Another long-standing GDS-developed tool, the GOV.UK Notify messaging platform, is also gaining new functionality and will soon include “the ability to add attachments and QR codes to letters, which will enable more government services to use the product to communicate to citizens”.
Dahl added that “product development is also important for our emerging products, like GOV.UK Forms” – a service which was unveiled last year to help non-technical staff design online services by embedding ready-made forms.

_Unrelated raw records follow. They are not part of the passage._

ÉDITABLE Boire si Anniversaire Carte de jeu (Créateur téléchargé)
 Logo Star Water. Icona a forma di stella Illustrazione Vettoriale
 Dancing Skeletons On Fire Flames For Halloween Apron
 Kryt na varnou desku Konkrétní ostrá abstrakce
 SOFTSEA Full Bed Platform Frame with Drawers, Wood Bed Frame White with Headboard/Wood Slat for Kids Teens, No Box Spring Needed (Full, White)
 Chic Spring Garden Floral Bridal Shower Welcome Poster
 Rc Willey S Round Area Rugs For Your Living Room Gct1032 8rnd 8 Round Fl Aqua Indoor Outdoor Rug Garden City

The tool also aims to solve issues caused by the ongoing use of thousands of document-based forms that exclude users with disabilities and fail to comply with accessibility regulation.
The Insolvency Service’s Redundancy Payments Service was the first digital tool to incorporate elements built using GOV.UK forms.
Dahl said that her team has “already made some great strides in transforming services, working in partnership with teams” from the Insolvency Service and others around government.
“We’re currently testing GOV.UK Forms with a limited number of other government teams to help us understand how the product is working and what issues we need to address before we make it more widely available,” she said. “DWP’s Access to Work Plus referral is one of the services now using GOV.UK Forms and provides support for people with high in-work support needs.”
Forms, Pay and Notify all form part of GDS’s suite of common platforms, which are intended to provide departments with customisable reusable tools to help design and embed in services.